Paiement des travaux supplémentaires dans un marché à forfait : quand le Conseil d’Etat fait sauter le verrou de l’ordre écrit

Catégorie

Contrats publics

Date

April 2025

Temps de lecture

2 minutes

CE 17 mars 2025 Société Eiffage Construction Sud-Est, req. n° 491682 : mentionné aux tables du recueil Lebon

Le 17 mars 2025, le Conseil d’Etat a rendu un arrêt qui permet de redéfinir les conditions dans lesquelles le titulaire d’un marché de travaux peut obtenir le paiement de travaux supplémentaires, notamment sur le formalisme exigé.

Dans cette affaire, la société Eiffage Construction Sud-Est a demandé à l’office public de l’habitat Toulon Habitat Méditerranée de lui payer une somme de 60 729,49 EUR au titre du solde d’un marché public de travaux relatif à la construction de 122 logements sociaux, conclu à prix global et forfaitaire en 2015. Le débat portait sur la réalisation de travaux modificatifs supplémentaires dont la société réclamait le paiement. La société Eiffage Construction Sud-Est a donc introduit une requête devant le tribunal administratif de Toulon afin que le maître d’ouvrage soit condamné à lui payer cette somme.

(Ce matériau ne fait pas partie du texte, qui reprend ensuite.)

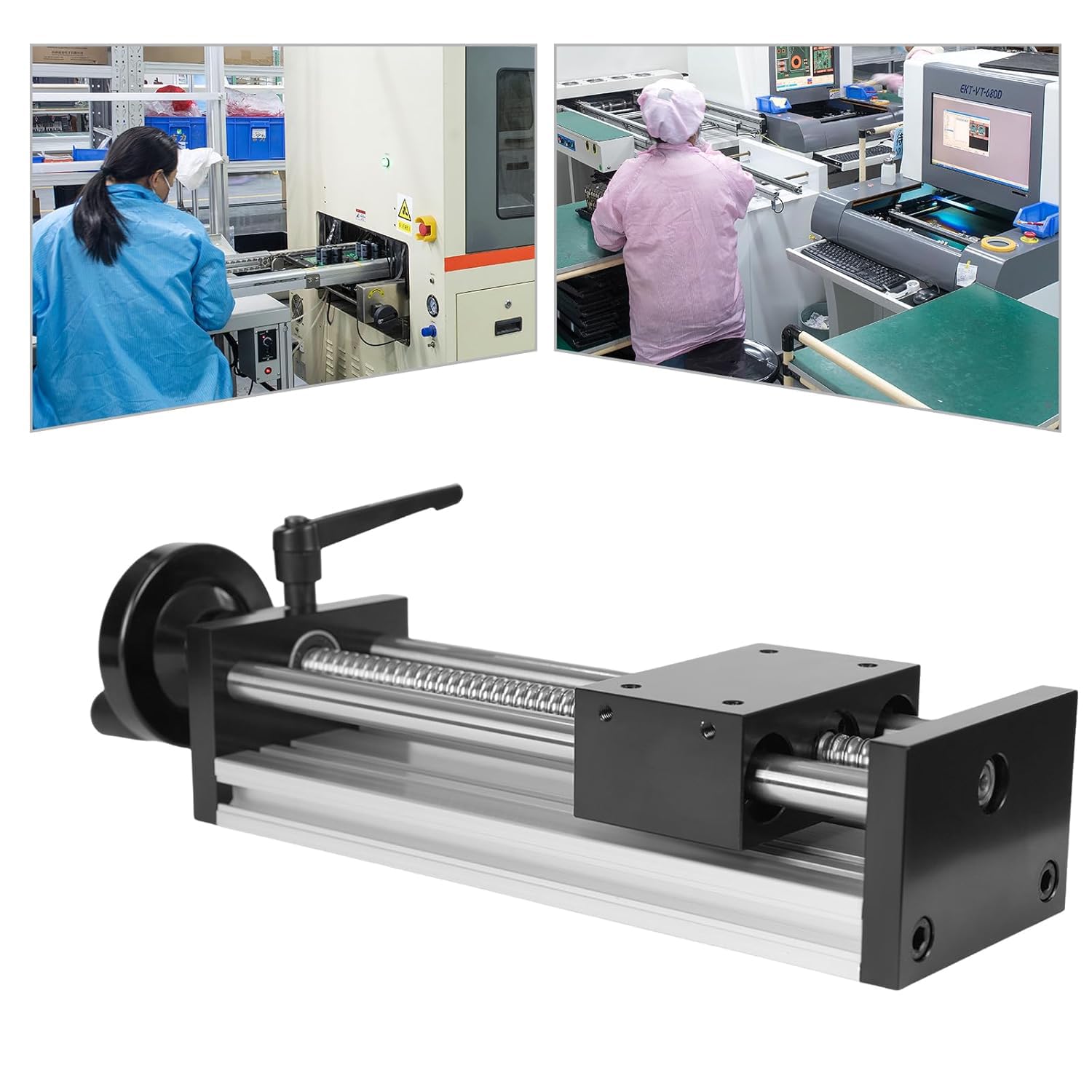 Tavola Scorrevole Manuale, Guida Lineare Corsa 200 mm, Piattaforma di Guida con Doppio Asse Ottico, Volantino, Fase Lineare Della Vite a Sfera per Automazione non Standard, Fresatrice CNC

Le tribunal administratif a condamné l’office à verser la somme de 52 517,63 EUR. La cour administrative d’appel de Marseille a ensuite jugé que le montant devait être ramené à 9 695 EUR et rejette les conclusions de l’appel incident formé par la société qui décide de se pourvoir en cassation.

La question posée ici au Conseil d’Etat était celle de savoir si, lorsque le titulaire d’un marché public de travaux conclu à prix global et forfaitaire exécute des travaux supplémentaires à la demande, même non-écrite, du maître d’ouvrage ou du maître d’œuvre, a-t-il droit au paiement de ces travaux ?

Pour y répondre, il est rappelé tout d’abord que, lorsque le titulaire du marché exécute de sa propre initiative des travaux supplémentaires, il n’a droit au paiement de ces travaux que s’ils étaient indispensables à la réalisation de l’ouvrage dans les règles de l’art 1)CE Sect. 17 octobre 1975 commune de Canari, req. n° 93704. L’autre hypothèse est celle dans laquelle le maître d’ouvrage ou le maître d’œuvre demande au titulaire de réaliser des travaux supplémentaires.

Ici, l’incertitude venait notamment du fait que la demande n’avait pas pris la forme d’un ordre de service notifié conformément à ce que prévoient en principe les stipulations du cahier des clauses administratives générales. Le Conseil d’Etat censure l’arrêt en ce qu’il retenait que la circonstance qu’ils aient été réalisés sur ordre du maître d’œuvre ne suffisait pas pour donner lieu à règlement, en l’absence d’ordre de service régulièrement émis.

Or, selon le Conseil d’Etat, un ordre émis par le maître d’œuvre, même de façon uniquement verbal, donne droit au paiement des travaux supplémentaires pour le titulaire du marché. Cela est applicable également lorsque les stipulations du CCAG prévoient qu’une demande doit prendre la forme d’un ordre de service notifié. Autrement, il est toujours possible pour le titulaire du marché d’obtenir le paiement de travaux supplémentaires exécutés de sa propre initiative, à condition qu’ils aient été indispensables à la réalisation de l’ouvrage dans les règles de l’art.

Le Conseil d’Etat prend donc acte des réalités de terrain et admet que l’absence d’ordre de service notifié ne fait pas obstacle au paiement des travaux supplémentaires. Cette solution rééquilibre les obligations contractuelles entre les maîtres d’ouvrage publics et les titulaires de marché, en évitant qu’un excès de formalisme ne permette à la personne publique de profiter de son propre manquement. Cette souplesse ne doit pas empêcher pour autant d’être prudent. Pour les entreprises, il faudra veiller à documenter les demandes/la nécessité de réaliser des travaux supplémentaires. Pour les maîtres d’ouvrage, il faudra prendre soin de formuler clairement la demande pour éviter toute incertitude.